Action item — Transcribe only the lines of the listing below from the one holding "爬爬垫折叠款加厚婴儿防摔地垫pu儿童家用客厅IXPE宝宝爬行垫" through the one holding "Bermuda Masculina Ogochi", inclusive, without any change.

■ ■ ■

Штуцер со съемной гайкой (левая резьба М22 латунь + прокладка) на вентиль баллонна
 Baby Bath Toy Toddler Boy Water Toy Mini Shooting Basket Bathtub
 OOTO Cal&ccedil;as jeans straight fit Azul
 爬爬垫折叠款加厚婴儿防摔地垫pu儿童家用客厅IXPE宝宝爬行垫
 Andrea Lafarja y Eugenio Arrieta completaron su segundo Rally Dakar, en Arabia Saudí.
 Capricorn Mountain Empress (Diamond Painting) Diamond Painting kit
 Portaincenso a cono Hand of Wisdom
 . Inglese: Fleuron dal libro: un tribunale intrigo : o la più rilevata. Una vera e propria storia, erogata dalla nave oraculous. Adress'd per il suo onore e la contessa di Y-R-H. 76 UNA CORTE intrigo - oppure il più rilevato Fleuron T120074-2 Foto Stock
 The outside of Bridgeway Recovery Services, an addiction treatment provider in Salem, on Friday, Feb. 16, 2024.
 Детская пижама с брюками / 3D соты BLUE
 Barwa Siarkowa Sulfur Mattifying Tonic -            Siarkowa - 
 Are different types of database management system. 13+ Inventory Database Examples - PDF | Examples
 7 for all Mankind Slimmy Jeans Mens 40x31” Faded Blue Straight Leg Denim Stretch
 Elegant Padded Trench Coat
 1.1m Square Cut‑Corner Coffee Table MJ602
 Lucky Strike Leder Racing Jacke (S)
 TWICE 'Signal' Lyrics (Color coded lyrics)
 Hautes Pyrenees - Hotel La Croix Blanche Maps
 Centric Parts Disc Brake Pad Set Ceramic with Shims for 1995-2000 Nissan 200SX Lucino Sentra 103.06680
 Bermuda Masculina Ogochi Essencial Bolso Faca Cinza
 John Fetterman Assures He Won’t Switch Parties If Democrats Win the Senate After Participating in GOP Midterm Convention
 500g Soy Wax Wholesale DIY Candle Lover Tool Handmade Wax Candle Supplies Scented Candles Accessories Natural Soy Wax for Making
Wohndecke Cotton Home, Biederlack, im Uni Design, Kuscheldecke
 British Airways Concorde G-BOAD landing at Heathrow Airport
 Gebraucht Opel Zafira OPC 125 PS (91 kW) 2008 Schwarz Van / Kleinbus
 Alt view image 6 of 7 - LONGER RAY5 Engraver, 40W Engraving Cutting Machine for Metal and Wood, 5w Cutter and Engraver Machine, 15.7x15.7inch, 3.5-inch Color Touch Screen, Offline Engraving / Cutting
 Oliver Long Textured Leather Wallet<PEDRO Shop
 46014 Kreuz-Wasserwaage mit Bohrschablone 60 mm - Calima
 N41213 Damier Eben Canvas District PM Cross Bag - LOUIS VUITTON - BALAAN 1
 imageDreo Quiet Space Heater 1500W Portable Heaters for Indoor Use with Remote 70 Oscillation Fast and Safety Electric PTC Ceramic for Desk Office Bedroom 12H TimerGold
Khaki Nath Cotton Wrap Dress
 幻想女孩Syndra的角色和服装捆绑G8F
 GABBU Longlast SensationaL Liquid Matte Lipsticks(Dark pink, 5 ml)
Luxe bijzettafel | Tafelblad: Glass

■ ■ ■

Written response —
 爬爬垫折叠款加厚婴儿防摔地垫pu儿童家用客厅IXPE宝宝爬行垫
 Andrea Lafarja y Eugenio Arrieta completaron su segundo Rally Dakar, en Arabia Saudí.
 Capricorn Mountain Empress (Diamond Painting) Diamond Painting kit
 Portaincenso a cono Hand of Wisdom
 . Inglese: Fleuron dal libro: un tribunale intrigo : o la più rilevata. Una vera e propria storia, erogata dalla nave oraculous. Adress'd per il suo onore e la contessa di Y-R-H. 76 UNA CORTE intrigo - oppure il più rilevato Fleuron T120074-2 Foto Stock
 The outside of Bridgeway Recovery Services, an addiction treatment provider in Salem, on Friday, Feb. 16, 2024.
 Детская пижама с брюками / 3D соты BLUE
 Barwa Siarkowa Sulfur Mattifying Tonic -            Siarkowa - 
 Are different types of database management system. 13+ Inventory Database Examples - PDF | Examples
 7 for all Mankind Slimmy Jeans Mens 40x31” Faded Blue Straight Leg Denim Stretch
 Elegant Padded Trench Coat
 1.1m Square Cut‑Corner Coffee Table MJ602
 Lucky Strike Leder Racing Jacke (S)
 TWICE 'Signal' Lyrics (Color coded lyrics)
 Hautes Pyrenees - Hotel La Croix Blanche Maps
 Centric Parts Disc Brake Pad Set Ceramic with Shims for 1995-2000 Nissan 200SX Lucino Sentra 103.06680
 Bermuda Masculina Ogochi Essencial Bolso Faca Cinza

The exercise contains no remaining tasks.